The trial court apportioned the defense's appellate costs between the two plaintiffs, based upon their respective verdicts which were reversed.

The issue in Golf West was the applicability of former California Rules of Court, rule 26 governing costs on appeal, and section 995.250, added in 1982, addressing the recovery of costs related to bonds and undertakings.

The case did not involve section 1032. Despite these significant distinctions, plaintiffs rely upon the affirmance of the trial court apportionment of costs relating to the surety bond between the plaintiffs.

Golf West concluded that the rationale of Avalos v. Welty (1965) 237 Cal. App. 2d 545, was equally applicable to the case before it. "Golf West and Will could have prosecuted their actions separately. Neither had any interest in the recovery of the other. The trial court thus properly apportioned the costs between them." (Golf West of Kentucky, Inc. v. Life Investors, Inc., supra, 178 Cal. App. 3d at p. 318.)
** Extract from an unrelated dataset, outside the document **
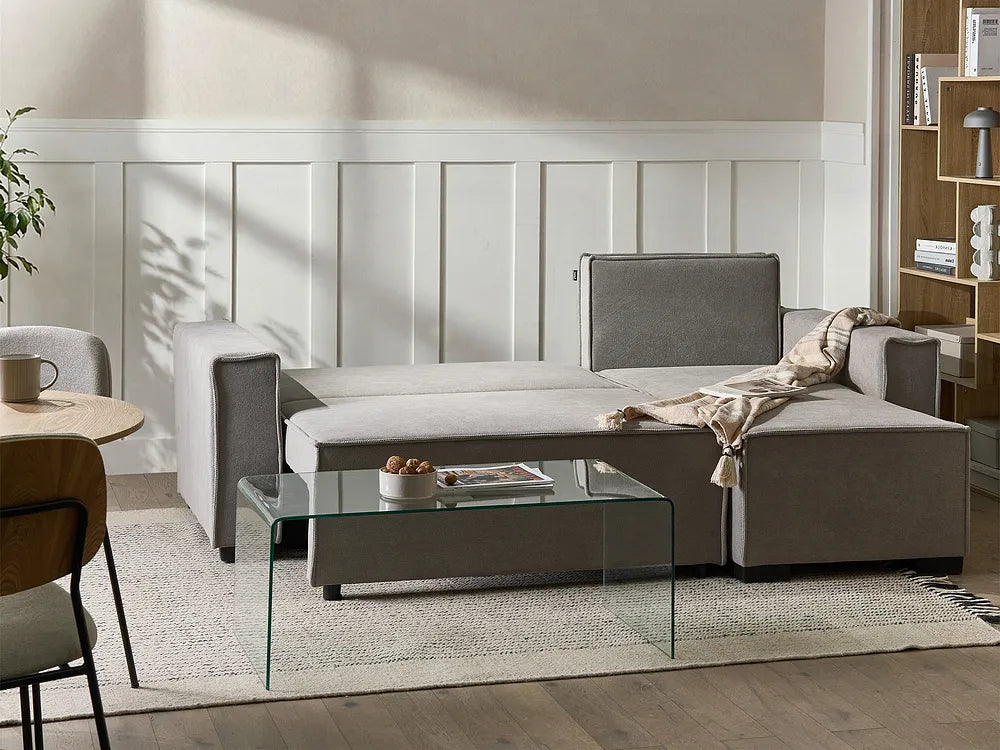 A modern gray fabric sectional sofa with a chaise lounge, styled in a bright, contemporary living room with a glass coffee table, textured rug, and white paneled wall.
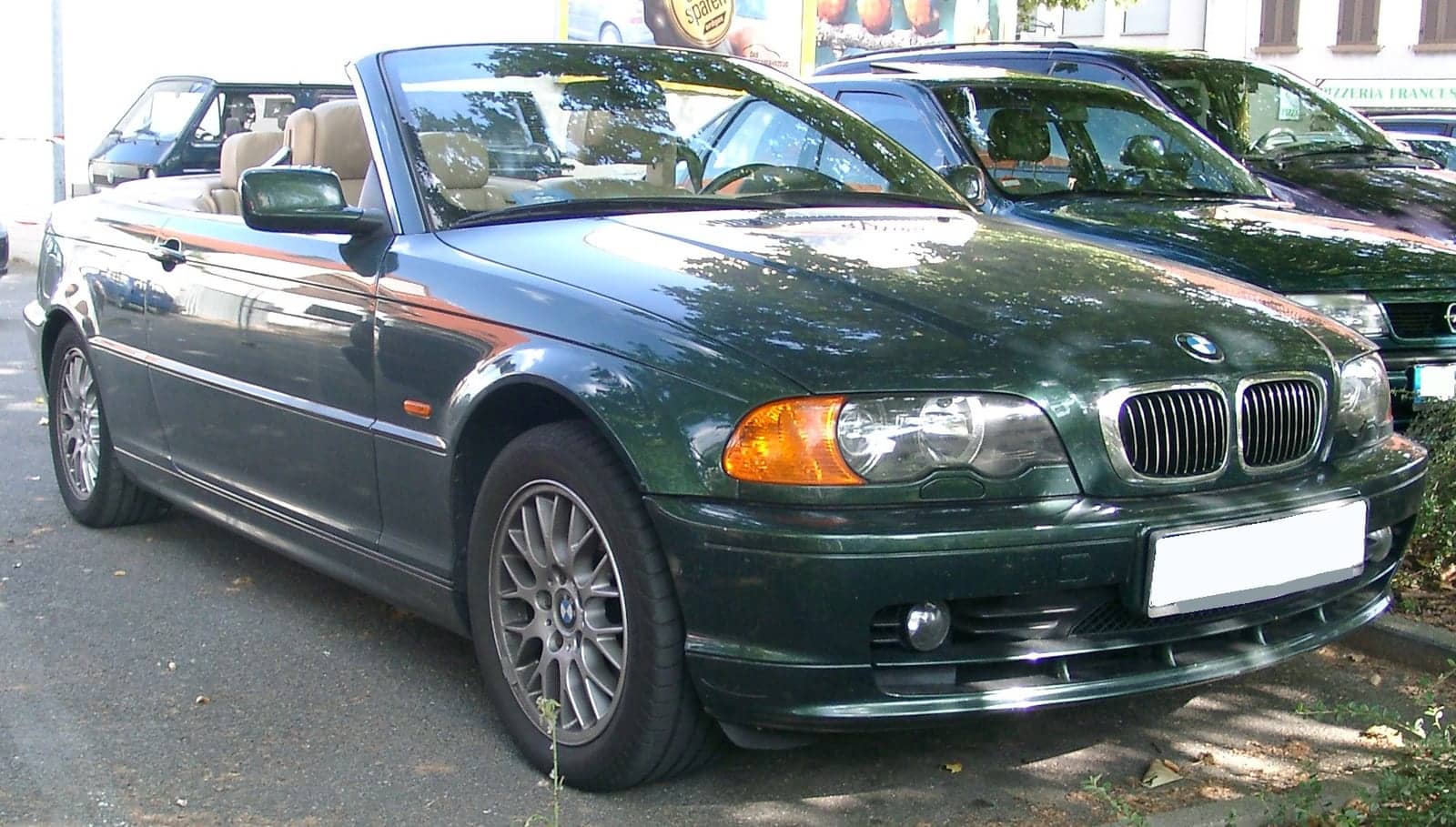 Green BMW 3 Series convertible with the top down, front three-quarter view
The Golf West court also concluded that the basis of the apportionment was rational. "Golf West and Will were to pay the cost of the bond premium in proportion to their respective judgments. As a result, each party's share of the costs reflected the amount of the premium that Life Investors was forced to incur in appealing from the judgment of each." (Ibid.)

One other consideration guided the result in Golf West. "To impose joint and several liability on litigants who elect to consolidate their actions is to penalize parties for promoting judicial economy. There is no reason in logic or law to place litigants in a position of having to choose between prosecuting their actions individually, or consolidating their claims and potentially being held jointly and severally liable for costs, which may amount to a substantial sum." (Id. at pp. 318-319.)